HT22 cells are an immortalized mouse hippocampal neuronal cell line, a widely used tool in neuroscience research. These cells provide a consistent and reproducible model for investigating cellular processes relevant to brain function and dysfunction. Their stable characteristics allow controlled experiments over extended periods. Their consistency makes them a reliable system for exploring complex biological mechanisms.
Origin and Cellular Characteristics
HT22 cells originate from the hippocampus of the mouse brain, subcloned from the parental HT4 cell line. The HT4 cell line was immortalized by introducing a temperature-sensitive Simian Virus 40 (SV40) T-antigen. Immortalization enables these cells to divide indefinitely in laboratory conditions, unlike primary cells which have a limited lifespan.
These cells exhibit a neuronal-like appearance and adhere to culture surfaces. A distinguishing feature is their lack of ionotropic glutamate receptors and cholinergic receptors, found on mature hippocampal neurons. This absence makes them unsuitable for studies involving receptor-mediated excitotoxicity or memory functions. However, this characteristic makes HT22 cells useful for studying non-receptor-mediated cellular pathways, especially those related to oxidative stress.
Modeling Oxidative Stress and Glutamate Toxicity
HT22 cells are a frequently used model for oxytosis, a specific form of cell death triggered by elevated glutamate. Unlike excitotoxicity, which involves overactivation of glutamate receptors, cell death in HT22 cells occurs through a different pathway. In this model, high extracellular glutamate inhibits the cystine/glutamate antiporter, which transports cystine into the cell. Cystine is a precursor for glutathione, a major intracellular antioxidant.
Inhibition of cystine uptake depletes intracellular glutathione levels. This reduction in antioxidant defense results in an accumulation of reactive oxygen species (ROS) within the cell, particularly mitochondrial superoxide. The buildup of ROS causes oxidative stress, lipid peroxidation, and mitochondrial dysfunction, initiating cell damage and death. This mechanism makes HT22 cells an effective system for studying the cellular responses to oxidative insults and testing potential protective compounds.
Role in Neurodegenerative Disease Studies
The oxidative stress pathway observed in HT22 cells is relevant to the pathology of various human neurodegenerative diseases.

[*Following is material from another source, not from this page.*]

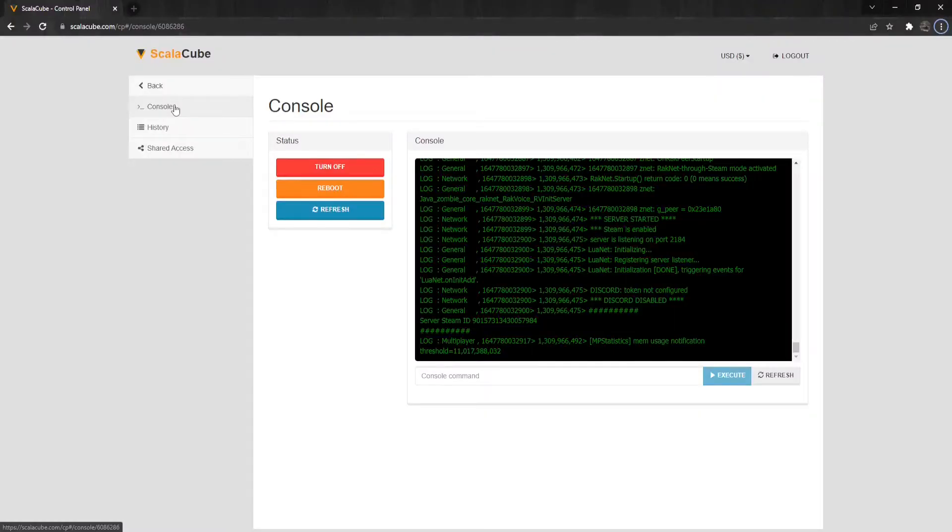To make another player an admin, go back to the Server Control Panel and locate the Console area.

Oxidative damage is a recognized component in conditions such as Alzheimer’s disease, Parkinson’s disease, and amyotrophic lateral sclerosis (ALS). In Alzheimer’s disease, for instance, increased oxidative stress is linked to neuronal death. Similarly, Parkinson’s disease involves oxidative degeneration of dopaminergic neurons.
Studying HT22 cells helps scientists understand the mechanisms of oxidative damage that contribute to these diseases. Researchers can use this model to investigate how different compounds or genetic manipulations might protect neurons from oxidative injury. This allows for the screening and evaluation of potential neuroprotective therapies, offering insights into new treatment strategies.
Common Laboratory Procedures
Culturing HT22 cells in a laboratory setting involves standard cell culture techniques to maintain their viability and growth. These cells are typically grown in a complete growth medium, such as Dulbecco’s Modified Eagle Medium (DMEM), supplemented with 10% fetal bovine serum (FBS) and 1% penicillin-streptomycin. The FBS provides essential growth factors and nutrients, while penicillin-streptomycin helps prevent bacterial contamination. Cells are incubated at 37°C in a humidified atmosphere containing 5% carbon dioxide.
To maintain a healthy cell population, HT22 cells undergo passaging or splitting every few days, typically at a 1:3 to 1:6 ratio. This involves detaching cells from the culture flask using trypsin-EDTA, diluting them, and transferring them to new flasks. Common assays include cell viability assays, such as the MTT assay, which measures metabolic activity as an indicator of live cells. These procedures ensure consistent experimental conditions.